PROBLEM STATEMENT =
Exact copy, no pictures: repeat the data that follows.

Records excerpted from a collection =
[Start of section]

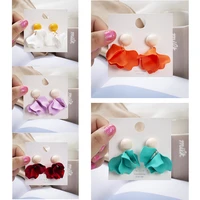 2021 korea new design hot sale fashion jewelry acrylic petals earrings drops exaggerated earrings for women girls gift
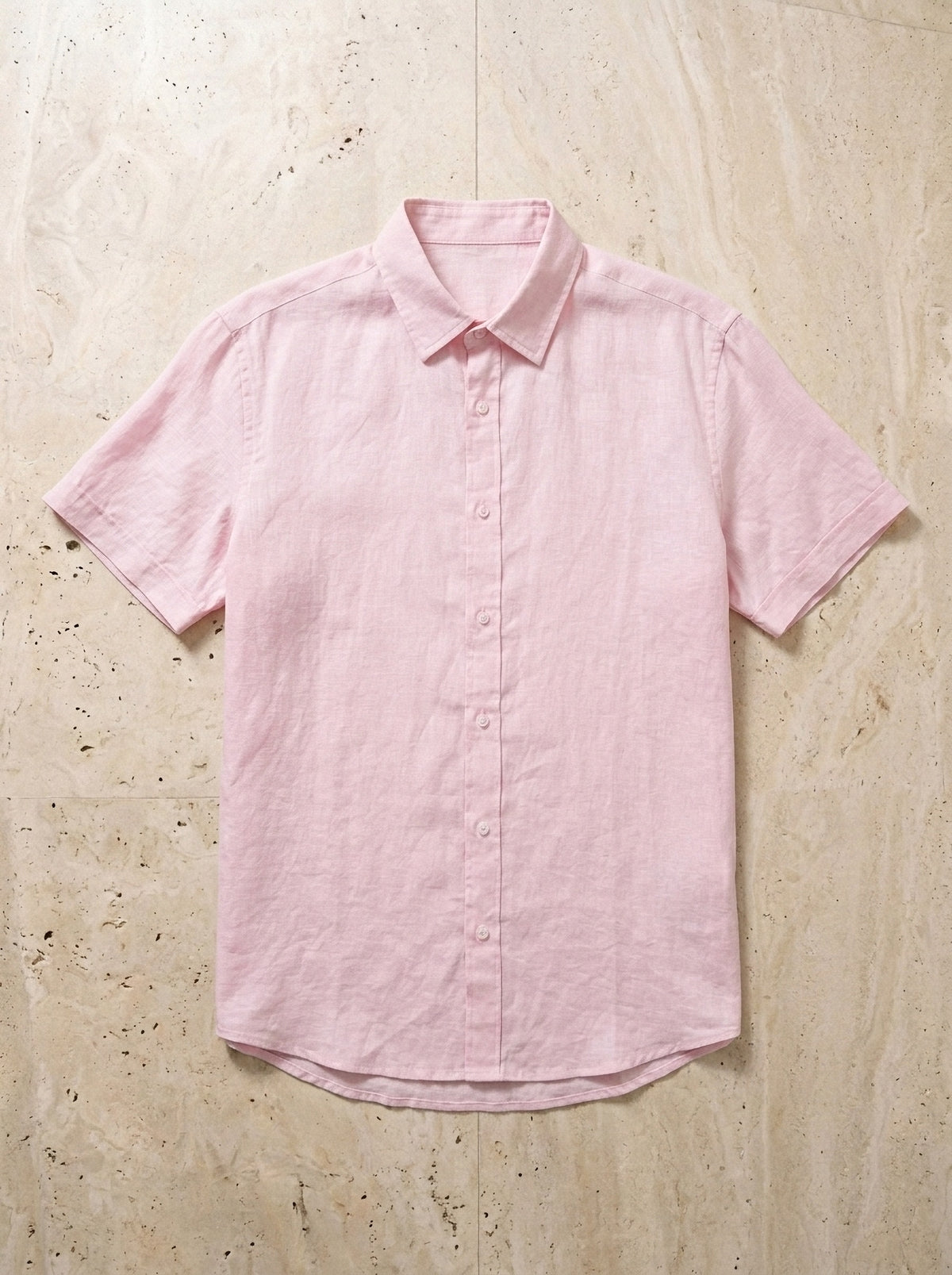 Rosa | Camisa de linho slim Roma rosa – peça sozinha vista de cima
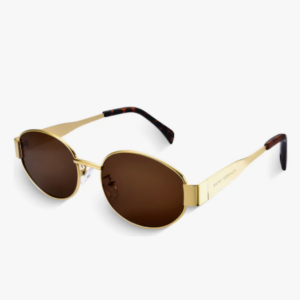 Óculos De Sol Oval Feminino Saint Germain Capri Marrom Oval Dourado Marrom Dourado E Marrom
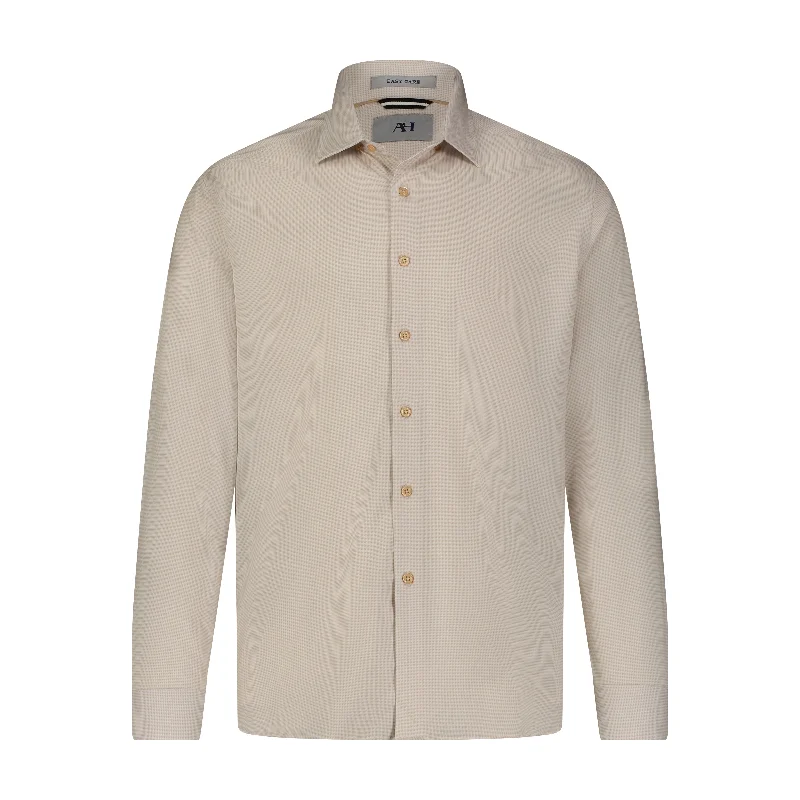 White Sand Mini Geo Print Hidden Button Down Long Sleeve Shirt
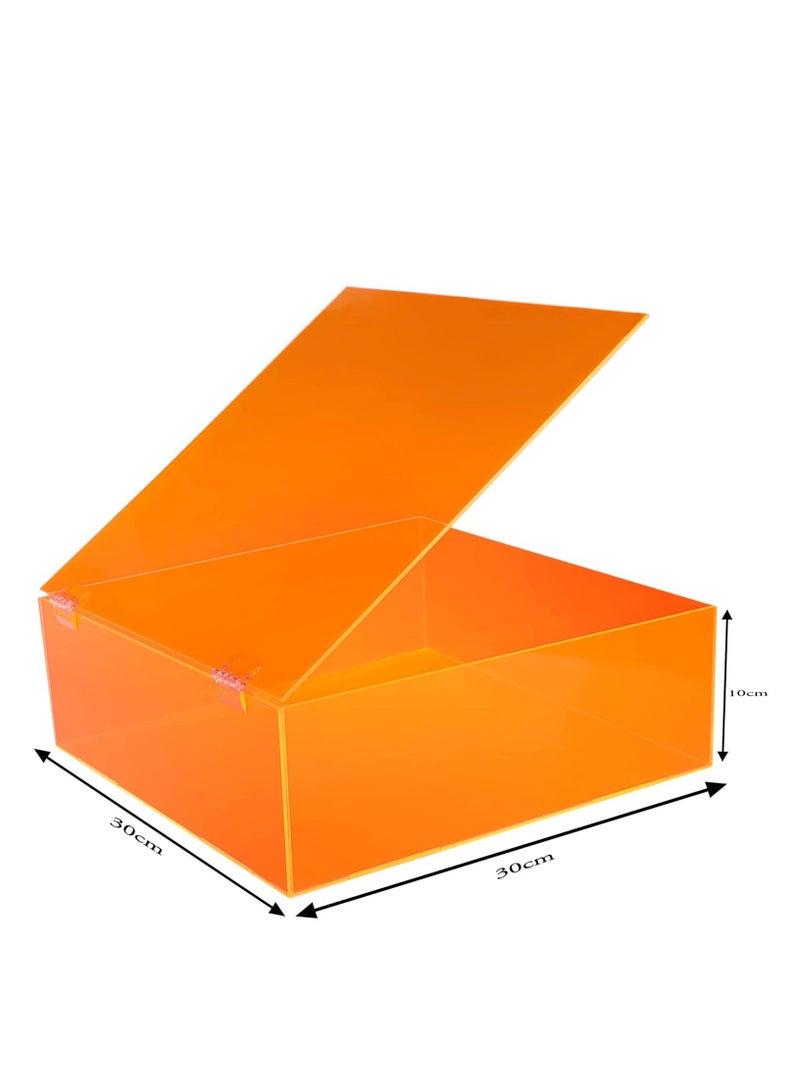 Lamsit Ibdaa Acrylic Box - Fluorescent Display Box with Hinges – Gift Showcase for Collectibles, Jewelries - Dustproof Protection Storage (10 x 10 x 5 cm) Orange - Image 3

[End of section]

REPLY =
 2021 korea new design hot sale fashion jewelry acrylic petals earrings drops exaggerated earrings for women girls gift
 Rosa | Camisa de linho slim Roma rosa – peça sozinha vista de cima
 Óculos De Sol Oval Feminino Saint Germain Capri Marrom Oval Dourado Marrom Dourado E Marrom
 White Sand Mini Geo Print Hidden Button Down Long Sleeve Shirt
 Lamsit Ibdaa Acrylic Box - Fluorescent Display Box with Hinges – Gift Showcase for Collectibles, Jewelries - Dustproof Protection Storage (10 x 10 x 5 cm) Orange - Image 3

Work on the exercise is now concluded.